#### Records for this task

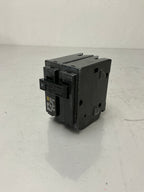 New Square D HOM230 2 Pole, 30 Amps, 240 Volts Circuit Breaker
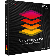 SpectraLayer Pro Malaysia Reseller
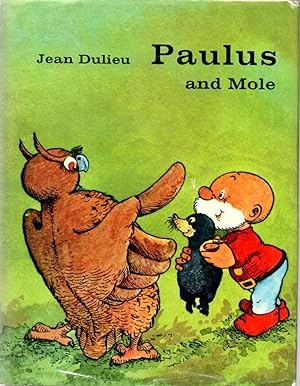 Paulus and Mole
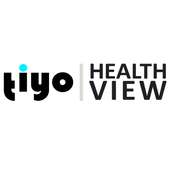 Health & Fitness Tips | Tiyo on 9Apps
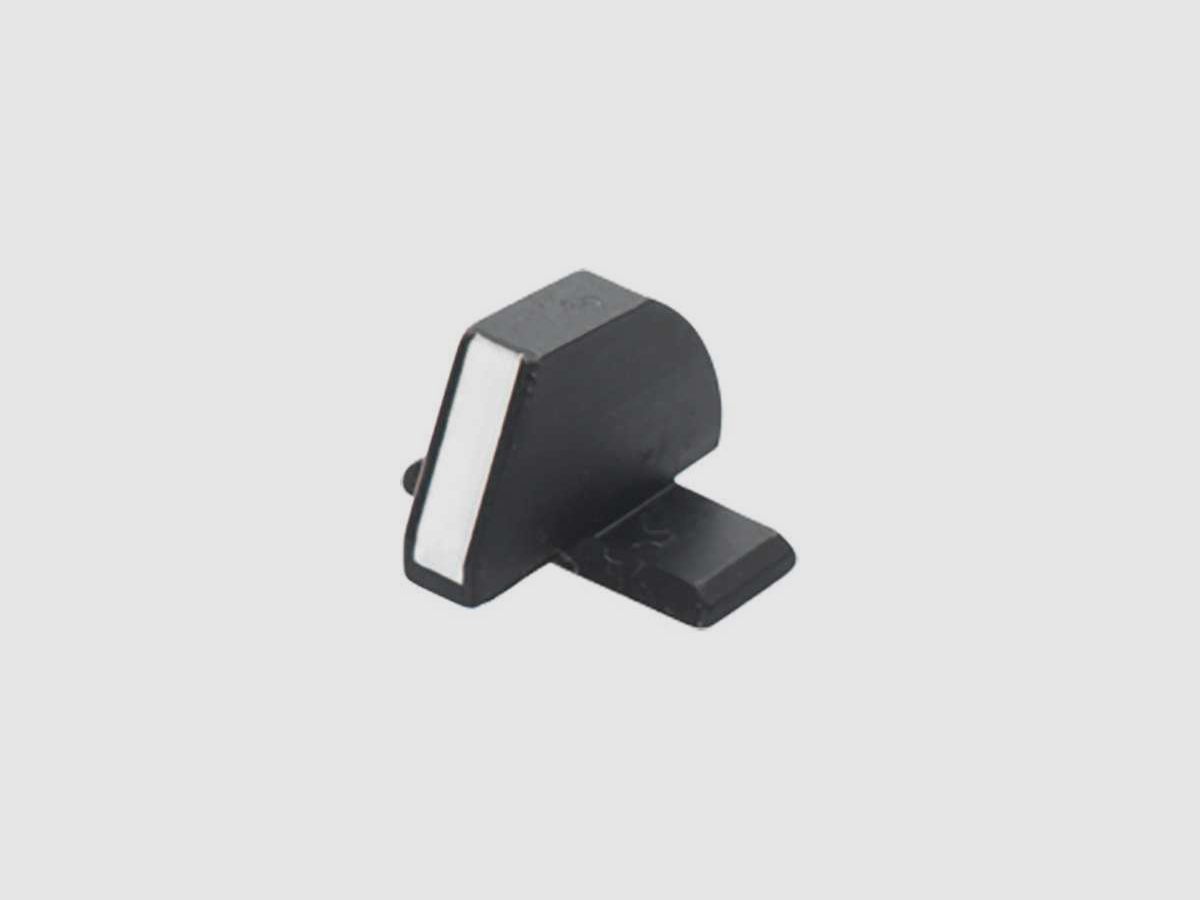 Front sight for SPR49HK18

########
#### Records for this task

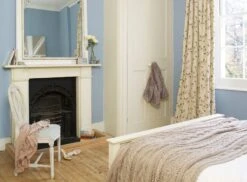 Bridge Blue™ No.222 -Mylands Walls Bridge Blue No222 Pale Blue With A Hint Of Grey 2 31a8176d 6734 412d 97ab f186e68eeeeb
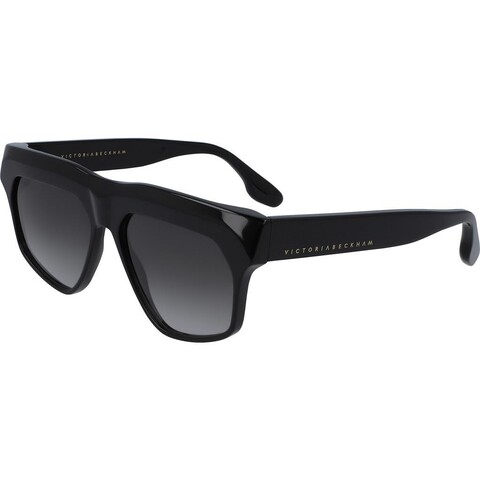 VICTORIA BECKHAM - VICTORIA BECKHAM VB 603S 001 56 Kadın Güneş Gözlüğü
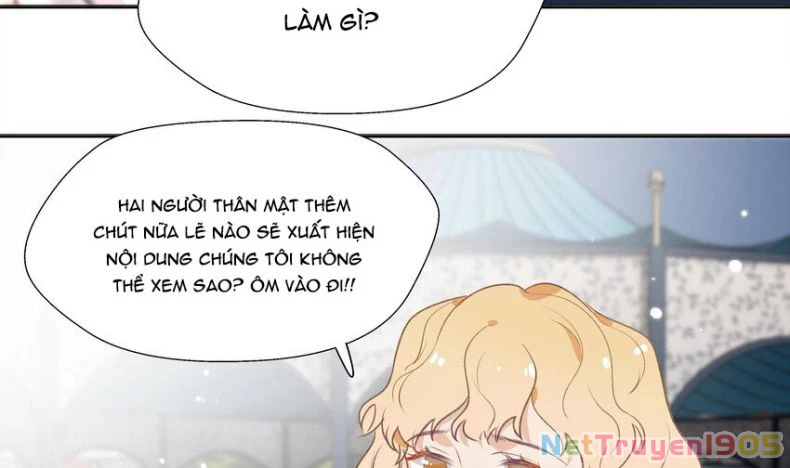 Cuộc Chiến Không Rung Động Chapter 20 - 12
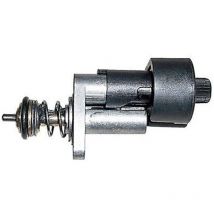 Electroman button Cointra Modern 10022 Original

########

Task prompt:
Look above for the line holding "Health & Fitness Tips | Tiyo on 9Apps" and output everything from it down to the line holding "Front sight for SPR49HK18", both ends included, exactly and without images.

Output of the exercise:
 Health & Fitness Tips | Tiyo on 9Apps
 Front sight for SPR49HK18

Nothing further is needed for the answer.